How does anthropic claud think? Researchers unveil what happens in the model’s “mind” – computers

Researchers explain that language models such as Claude are not being programmed directly by humans, but train with vast data sets. In this process, theModels learn to develop strategies to solve problems.
However, however, These strategies are not understood by models programmers. Inspired researchers from the field of neuroscience have developed a kind of “AI microscope” that allows you to identify operational models and information flows.
“Knowing how patterns are allowed like Claude a Better understanding of their abilities, as well as helps us to make sure they work as they intend”, Highlight.
Watch the video
When using “AI Microscope”, researchers It was found Claude can plan the rhymes before writing poetry. For example, when you ask you to create rhymes, before you start the second one, the model is already thinking about the “fit” words.
Claude can speak many languages, however, the model does not have sections separated by his “mind” for every language. The team found that the model uses “Thinking language” is common in how to talk about how to talk aboutIt indicates that it can learn something in a particular language and apply this knowledge when speaking another language.
Although it is not trained to work as a calculator, The model can do some head beads, especially with the amount of different numbers. To reach out to the result, Work together on both sides of clad’s “brain”. On the one hand there is an estimate and the other is trying to determine the last digit of the whole with greater accuracy, the researchers explain.

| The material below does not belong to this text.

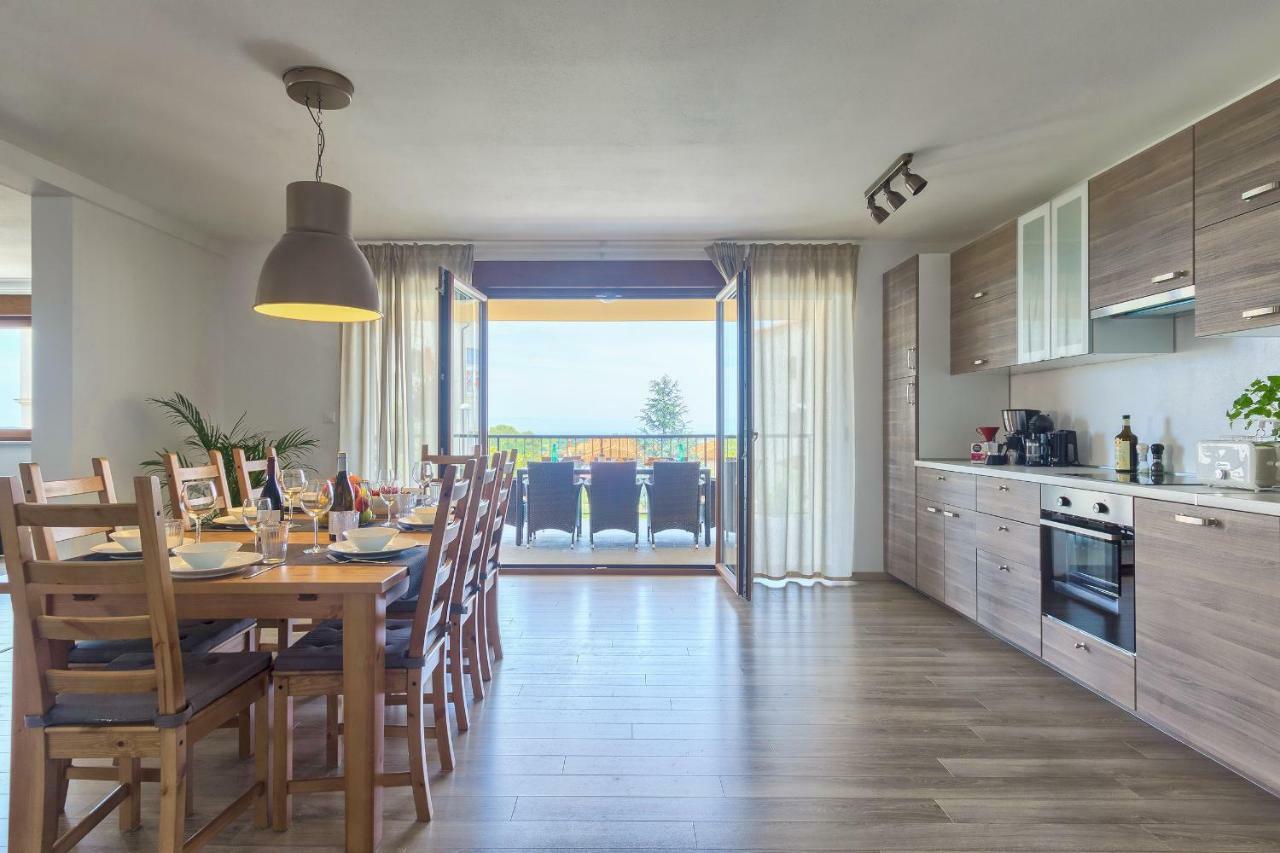 Apartment Peninsula Ližnjan المظهر الخارجي الصورة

Also, when asked to do the work with multiple footage, Claude exhibits the intermediate steps range. “The model combines independent facts.Represents the team.
On the other hand, researchers are a Claude consumers are trying to deceive users when there is a more “dark” side, a conflict between different suggestions or goals.
The latest versions of Claude will be able to argue for a while before the final response. However, the results are not always expressed The model can also find explanations that seem to be acceptable and reliable, but in fact, they are wrong.
Researchers suggest that models like Claude have a mechanism designed to prevent “hallucinations”, which means they do not know a particular question, but they choose not to answer. , However, however, When the mechanism is not perfect and it is possible to make information about the “hallucinations” model and find information about unknown factors.
The team noticed it too Claude jailbreaking strategies are not fully immunity, that is, methods designed to escape their safety policies. In some cases, the model recognizes that it is in the face of a harmful request, but only absorbs the “middle” of the answer.